Dealing with Difficult Conversations

May 29, 2015 By Katherine Tyler Scott

In a recent encounter with a very able colleague lamenting about having “lost it” in a situation in which there was in her view highly unprofessional behavior, I was reminded of how difficult it can be to be in such situations, and the courage and skill required to confront the individual involved.  It is a particular skill that Ki ThoughtBridge brings to our work, and one we always include in our leadership and negotiation trainings. 

There are numerous instances in our personal and professional lives that can precipitate “losing it” but there are reasons why this doesn’t happen; the main ones being self-awareness and self-control, two characteristics of emotionally intelligent leaders. 

Whether it is a peer or a boss, friend or family, client or vendor, we will find at some points in life and work where the need to have a difficult conversation is necessary. What we can’t emphasize too much is that more is needed than requesting a time, making an appointment or hosting others to converse about a tough issue. 

An Invitation is Not Enough

We have to do more than invite an individual or facilitate a group when the issues are adaptive and call for difficult conversations. We need to have a strategy, a plan, and most important a set of adaptive skills. 

If you need to talk with someone you feel has offended you in some way you will be the person initiating the conversation. So if it is your need you will need to be assertive. If the need is mutual then you will need to negotiate. Before the conversation ask some questions:

  1. What is the reason I want to talk with this individual? What is my purpose? What do I hope to accomplish? What do I want to change?
  2. What is my relationship to this person? What kind of relationship do we have now? What kind of relationship do I want in the future?
  3. How do I feel and why? What are the emotions that I feel-angry, hurt, betrayed, misunderstood, labelled, etc.?
  4. How much of what I felt/feel is related to the actual event and how much is related to past experiences?
  5. What am I willing to risk to attempt resolution? What is the cost? What is the promise? 

In addition to such questions as these, all of which can lead to increased self-awareness and increased empathy, you will be prepared to enter into the conversation with a sense of clarity and centeredness. 

We Don’t See the Same Things

We all have partisan perceptions. We come to the conversations with different histories, education, training, values, beliefs, and experience. We can legitimately see and understand things differently. So rather than immediately assume that we are right and the other person is wrong the adaptive work is to elicit the other person’s perspective of the same issue or event, and to share yours. We recommend doing this to achieve understanding. Understanding can diffuse a potentially explosive situation, but its quest cannot be permitted to be an excuse for inappropriate and/or hurtful behavior; it is the entry to making you and the other person conscious of assumptions, thinking behavior and actions. This is not an automatic skill; it is one that must be developed. We use tools such as The Ladder of Inference© for this purpose. 

Establish Guidelines

Establish norms or guidelines for the conversation so that both parties will know the mutually acceptable parameters and will see the value of creating a safe space for the conversation. External controls that can be referred to help to encourage risk-taking and provide a first step toward creating trust and a sense of psychological safety. If the conversation begins to heat up, honoring the terms that both developed and agreed to enables both to hold one another accountable, and lowers the heat created by fear and anxiety. 

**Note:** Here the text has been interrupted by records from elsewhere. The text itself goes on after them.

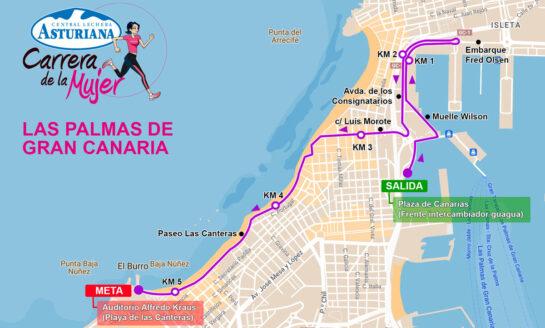 Este domingo 10 de julio: "Carrera de la Mujer 2022" por el paseo de Las Canteras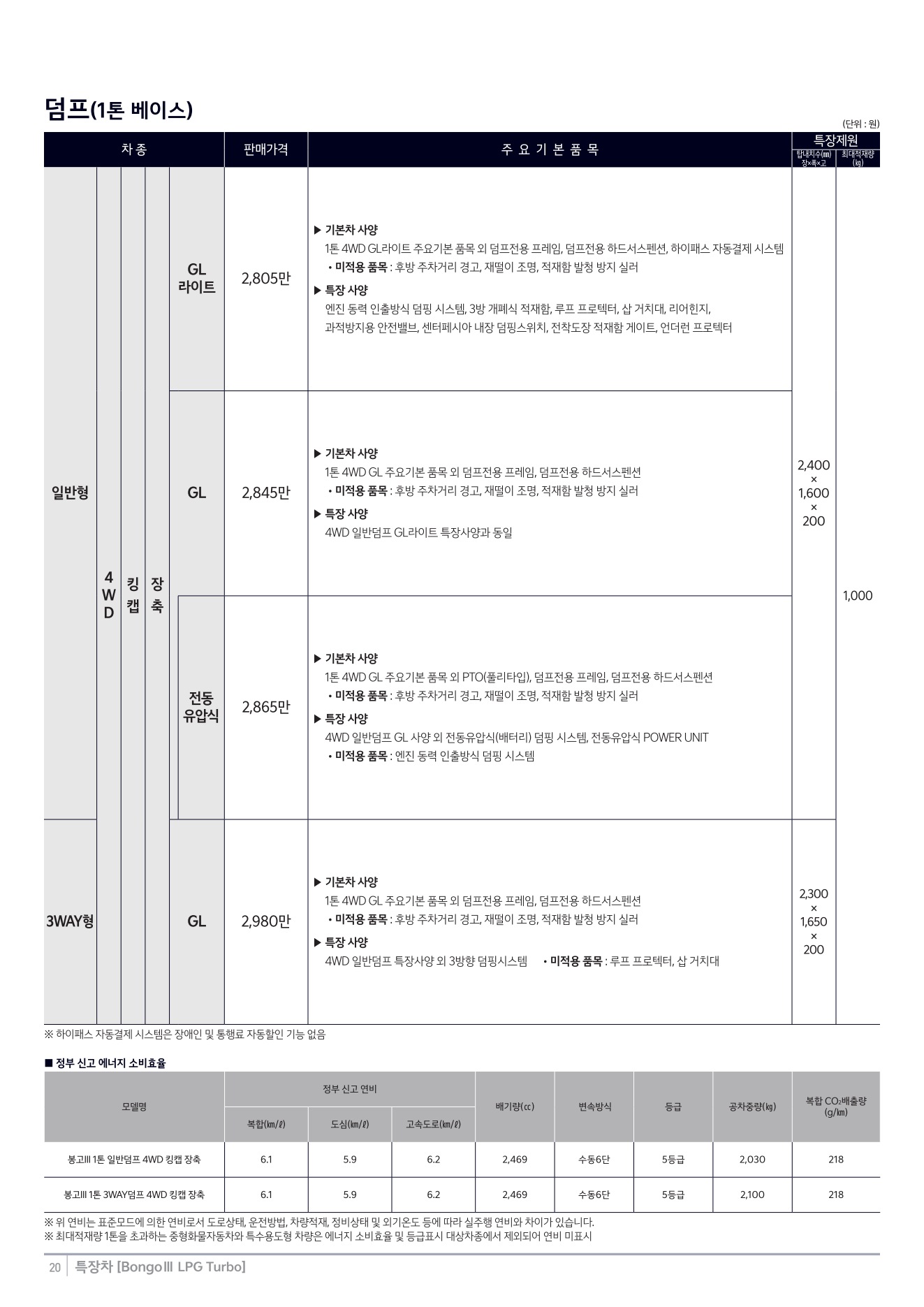 2026 기아 봉고3특장차 카탈로그 이미지 - 1b799e1d8a4abdc5700107c870ca7cfc_r3dfX4BH_7983686dfc4a3e4a12a02ce3c5e7f698e98b5ad1.jpg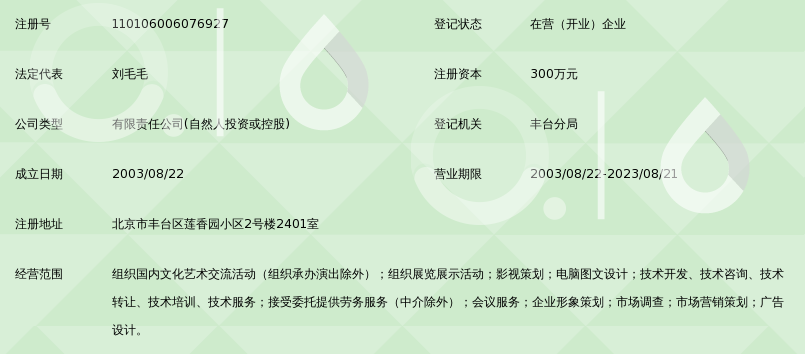 北京盛世嘉景影视文化传播有限公司_360百科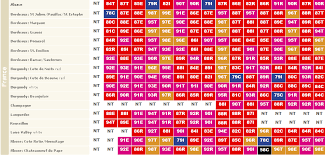 42 Conclusive Parker Vintage Chart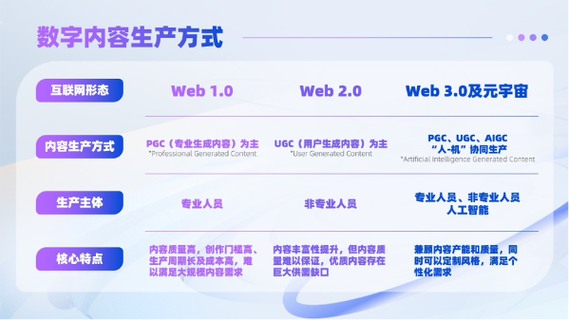 维修成本降低报告:技术创新行业变革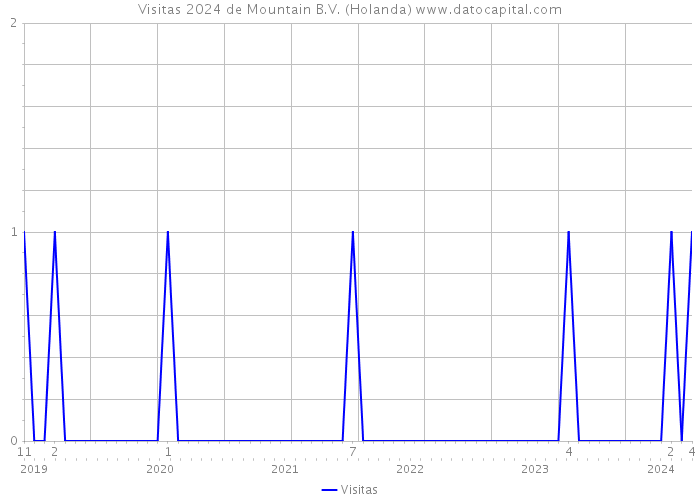 Visitas 2024 de Mountain B.V. (Holanda)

The more you understand human and group development the more of an adaptive advantage you will have in leading and managing difficult conversations. Knowing what developmental stage individuals and groups experience will alert you to some of the main issues to be aware of and how to best intervene in the situation. 

Know the Biology as well as the Psychology

We know from recent research that in the limbic system in the brain resides the amygdala, the emotional center of the brain. It serves as the early warning to us whether we are in danger and whether we are to fight or flee. When we perceive an event or experience it goes directly to the amygdala which does not distinguish whether this is a current threat or something from the past; or whether it is real or imagined. Without the reflective awareness and emotional regulation provided by the prefrontal lobes in the cortex we are subject to emotional hijacking or “losing it” as my colleague experienced it.  In Ki ThoughtBridge we teach techniques such as the “Red Flag Rule” and the “Elephant Rule,” to prevent or diminish the emotional eruptions that can derail productive and successful conversations. So whenever you have or host a conversation around an emotionally laden topic it is imperative that there be norms and it is essential to know how to deal with the biology. 


Difficult conversations can be highly productive and can lead to the resolution of conflict, increased insight and learning, changes in attitude and values. To have them leaders must be skilled in more than invitation and convening. In convening groups to deal with adaptive and “wicked problems” the goal is movement toward constructive outcomes not an emotional free for all.  It is about conversion, a conversation in which the least outcome is mutual understanding and respect for differences and in which the best outcome is transformation of the mind and heart. This requires intentionality and a level of consciousness that comes from careful planning and adaptive skills development.